Вопрос о среде, в которой создавался духовный стих, всегда ставился в тесную связь с тем, каковы были его непосредственные источники. Ясно, что герои народной религиозной поэзии не являются плодом только самобытной фольклорной фантазии. Поисками первоисточников заполнена вся история литературоведения, занимавшегося изучением духовного стиха. Общий вывод, к которому привели многочисленные разыскания исследователей в анналах древнерусской книжности, заключается в том, что основой для духовных стихов послужили немногие из канонических христианских книг (Ветхий и Новый Заветы, некоторые «Слова», отдельные жития), но главным образом — широкий круг апокрифов: легенды, сказания и жития святых, не признанные церковью. «Отреченные книги», известные в русских изводах с самых первых времен христианства на Руси, как правило, не уничтожались после запрещения их церковью (материалы для письма, да и вообще любая рукопись просто сами по себе очень высоко ценились): апокрифы заполняли полки монастырских библиотек, некоторые из списков сохранялись в народе, составляя круг чтения немногих грамотных. Объясняя, почему столь привлекательными для древнерусского человека были апокрифы, из которых черпал в основном свои сюжеты духовный стих, А. Н. Пыпин писал: «Их интерес для старинных читателей заключался в поэтичен с них добавлениях к библейской и евангельской истории, в рассказе о событиях, возбуждавших любопытство и о которых однако же ничего не говорили канонические книги, вообще в чудесном и легендарном, к которому было особенно склонно и жадно народное воображение, а также и суеверие»[12]

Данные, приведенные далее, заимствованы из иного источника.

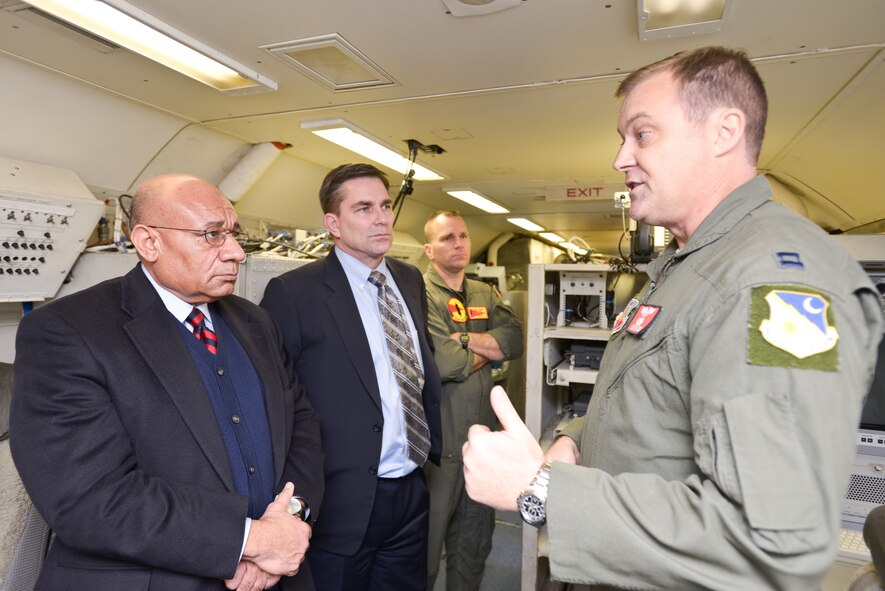 U.S. Air Force Capt. Joe, right, 461st Air Control Wing, speaks with members of the National Geospatial-Intelligence Agency (NGA) during a tour of the E-8C Joint STARS at Robins Air Force Base, Ga., Dec. 6, 2012.  The tour provided the opportunity for the NGA to learn more about the successes and capabilities of the Joint Surveillance Target Attack Radar System and discuss how Team JSTARS and the NGA can work together to meet global requirements.  (Portion of JSTARS aircrew member name not revealed for security purposes)(National Guard photo by Master Sgt. Roger Parsons/Released)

. В отношении к народной поэзии, как отмечает современный историк, важно то, что «апокрифы сами суть продукт преломления христианства через призму „языческого" мировоззрения», эти тексты уже содержат «так называемое „двоеверие", оно же „бытовое" христианство, восточное и западное, представляющее собой переработку христианства в духе народного миропонимания, отразившего условия труда и быта непосредственных производителей средневекового общества»[13].Если вернуться к созданию ранних духовных стихов, помня об их книжных истоках, то покажутся естественными сомнения и некоторая неопределенность в высказываниях ученых о тех, кто эти религиозные песни сочинял. Выдающийся филолог XIX в. Ф. И. Буслаев писал: «По очевидному влиянию книжному на состав духовных стихов надобно полагать, что они обязаны своим происхождением не простонародью вообще, а избранной массе, которая, впрочем, не составляла особого сословия, а только случайно являлась в виде корпорации»[14]
.И действительно, не просто представить себе, каким образом в реальной жизни культуры состоялось сочетание письменных источников с вольной фантазией устного творчества, когда грамотность вовсе не была широким достоянием народным.
Е. Аничкову осторожное определение Буслаева — «избранная масса» — казалось неубедительным, и он настаивал на том, что для духовных стихов именно паломничество — «коренная, определяющая их значение среда»; исследователь проводил аналогию между русскими «старинами»[15]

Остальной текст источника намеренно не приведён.